The era of Ottoman reforms began at the height of the Second Egyptian Crisis, in 1839. The death of Sultan Mahmud II and the accession of his teenage son Abdulmecid I was hardly an auspicious moment to announce a program of radical reform. Yet the Ottoman Empire, under imminent threat from Muhammad ’Ali’s Egyptian army, needed European goodwill more than ever. To secure Europe’s guarantees of its territory and sovereignty, the Ottoman government believed it needed to demonstrate to the European powers that it could adhere to European norms of statecraft as a responsible member of the community of modern states. Moreover, the reformers who had worked under Mahmud II were determined to consolidate the changes already undertaken under the late sultan’s reign, and to commit his successor to the reform process.
These twin motives would characterize the era of Ottoman reforms: public relations gestures to win European support coupled with a genuine commitment to reform the empire in order to ensure its survival against both internal and external threats.
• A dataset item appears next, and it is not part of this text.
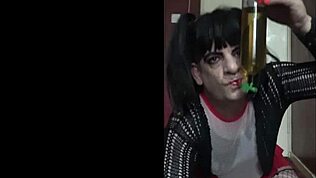 Mark Wright, crossdressing bisexuell sissy gay pojke säger till hataren: Låt mig filma dig pissar i min mun så jag inte behöver göra det själv?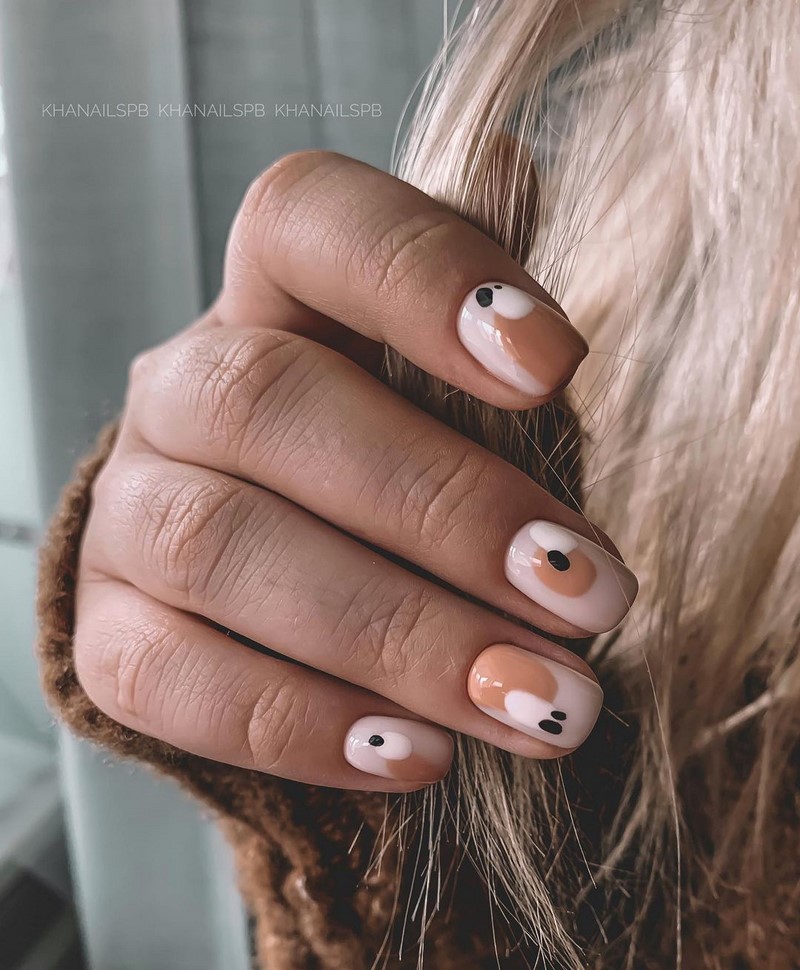 Стильный маникюр на короткие ногти 2026: лучшие идеи, новинки, тенденции — фото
On November 3, 1839, the Ottoman foreign minister, Mustafa Reshid Pasha, read a reform decree on behalf of Abdulmecid I to an invited group of Ottoman and foreign dignitaries in Istanbul. On that date the Ottomans entered a period of administrative reforms that, between 1839 and 1876, would transform their state into a constitutional monarchy with an elected parliament—a period known as the Tanzimat (literally, “reordering”).
Three major milestones mark the Tanzimat: the 1839 Reform Decree; the 1856 Reform Decree, which restated and extended the agenda of 1839; and the Constitution of 1876. The decrees of 1839 and 1856 reveal the debt of Ottoman reformers to Western political thought. The first document set out a modest, three-point reform agenda: to ensure “perfect security for life, honour, and property” for all Ottoman subjects; to establish “a regular system of assessing taxes”; and to reform the terms of military service by regular conscription and fixed terms of service.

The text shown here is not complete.